* [Problem to work on]: Each line of the data that includes "beautifully" must be copied.

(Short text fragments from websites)
+ + + + +
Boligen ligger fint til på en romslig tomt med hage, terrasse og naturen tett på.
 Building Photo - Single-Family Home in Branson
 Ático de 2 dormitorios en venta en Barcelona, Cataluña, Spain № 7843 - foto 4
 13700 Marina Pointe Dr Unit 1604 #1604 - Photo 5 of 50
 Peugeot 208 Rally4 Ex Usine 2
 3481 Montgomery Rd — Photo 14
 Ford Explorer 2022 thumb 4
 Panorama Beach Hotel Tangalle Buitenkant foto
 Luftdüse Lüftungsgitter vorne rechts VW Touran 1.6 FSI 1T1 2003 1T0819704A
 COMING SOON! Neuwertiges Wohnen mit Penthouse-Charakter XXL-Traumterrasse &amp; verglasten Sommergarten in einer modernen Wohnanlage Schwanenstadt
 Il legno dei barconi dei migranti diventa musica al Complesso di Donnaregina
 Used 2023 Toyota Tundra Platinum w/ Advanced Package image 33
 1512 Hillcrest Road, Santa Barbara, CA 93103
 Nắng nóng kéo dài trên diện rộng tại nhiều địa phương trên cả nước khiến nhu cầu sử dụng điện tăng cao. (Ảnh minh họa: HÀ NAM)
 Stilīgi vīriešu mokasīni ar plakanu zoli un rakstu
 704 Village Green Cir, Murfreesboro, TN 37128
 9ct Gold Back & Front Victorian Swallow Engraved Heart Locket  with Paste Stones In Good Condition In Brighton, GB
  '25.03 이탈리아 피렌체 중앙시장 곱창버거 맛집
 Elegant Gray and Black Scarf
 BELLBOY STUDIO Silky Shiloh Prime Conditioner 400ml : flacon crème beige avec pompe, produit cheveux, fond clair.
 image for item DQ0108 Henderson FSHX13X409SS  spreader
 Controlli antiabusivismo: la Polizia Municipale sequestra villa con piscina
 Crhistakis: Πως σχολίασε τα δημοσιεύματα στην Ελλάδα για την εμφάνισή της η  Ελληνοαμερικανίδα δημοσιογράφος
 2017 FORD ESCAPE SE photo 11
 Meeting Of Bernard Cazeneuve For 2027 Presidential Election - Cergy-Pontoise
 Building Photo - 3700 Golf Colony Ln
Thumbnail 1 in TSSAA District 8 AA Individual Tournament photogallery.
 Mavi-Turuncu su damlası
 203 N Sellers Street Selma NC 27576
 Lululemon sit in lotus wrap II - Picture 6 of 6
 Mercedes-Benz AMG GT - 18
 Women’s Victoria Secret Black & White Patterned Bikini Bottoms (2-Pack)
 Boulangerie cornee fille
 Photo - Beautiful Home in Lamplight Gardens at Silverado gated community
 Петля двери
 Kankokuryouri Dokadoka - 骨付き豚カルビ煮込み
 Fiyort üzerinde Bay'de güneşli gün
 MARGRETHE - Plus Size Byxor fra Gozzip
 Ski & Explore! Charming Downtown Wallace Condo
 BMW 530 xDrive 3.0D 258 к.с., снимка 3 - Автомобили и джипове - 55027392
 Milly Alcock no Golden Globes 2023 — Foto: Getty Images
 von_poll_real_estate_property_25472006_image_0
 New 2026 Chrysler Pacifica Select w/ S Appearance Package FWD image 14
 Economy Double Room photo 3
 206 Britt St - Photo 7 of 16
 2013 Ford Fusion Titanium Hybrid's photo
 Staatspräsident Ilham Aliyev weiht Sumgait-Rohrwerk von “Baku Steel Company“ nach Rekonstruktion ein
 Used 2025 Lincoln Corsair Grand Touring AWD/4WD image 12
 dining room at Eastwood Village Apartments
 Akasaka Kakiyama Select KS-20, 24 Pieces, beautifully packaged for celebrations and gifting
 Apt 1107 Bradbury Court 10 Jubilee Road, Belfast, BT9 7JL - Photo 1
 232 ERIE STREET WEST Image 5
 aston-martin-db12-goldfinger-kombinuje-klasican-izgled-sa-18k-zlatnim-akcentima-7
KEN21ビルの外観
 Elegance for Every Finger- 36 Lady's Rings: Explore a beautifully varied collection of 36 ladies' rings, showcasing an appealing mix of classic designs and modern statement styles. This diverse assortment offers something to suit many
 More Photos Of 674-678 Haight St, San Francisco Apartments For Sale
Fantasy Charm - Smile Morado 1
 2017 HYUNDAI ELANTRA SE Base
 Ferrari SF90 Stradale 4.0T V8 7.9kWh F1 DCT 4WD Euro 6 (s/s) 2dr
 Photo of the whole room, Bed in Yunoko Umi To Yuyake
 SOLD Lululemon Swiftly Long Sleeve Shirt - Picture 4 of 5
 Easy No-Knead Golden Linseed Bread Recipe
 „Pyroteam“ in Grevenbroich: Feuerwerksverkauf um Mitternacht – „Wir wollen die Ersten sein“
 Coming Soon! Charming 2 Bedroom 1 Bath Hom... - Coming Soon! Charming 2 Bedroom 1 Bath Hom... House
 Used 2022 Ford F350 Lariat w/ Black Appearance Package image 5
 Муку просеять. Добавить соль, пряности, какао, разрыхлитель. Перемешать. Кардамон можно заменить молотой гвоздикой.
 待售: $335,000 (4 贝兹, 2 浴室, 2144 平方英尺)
+ + + + +
* [The completed task]:
 Akasaka Kakiyama Select KS-20, 24 Pieces, beautifully packaged for celebrations and gifting
 Elegance for Every Finger- 36 Lady's Rings: Explore a beautifully varied collection of 36 ladies' rings, showcasing an appealing mix of classic designs and modern statement styles. This diverse assortment offers something to suit many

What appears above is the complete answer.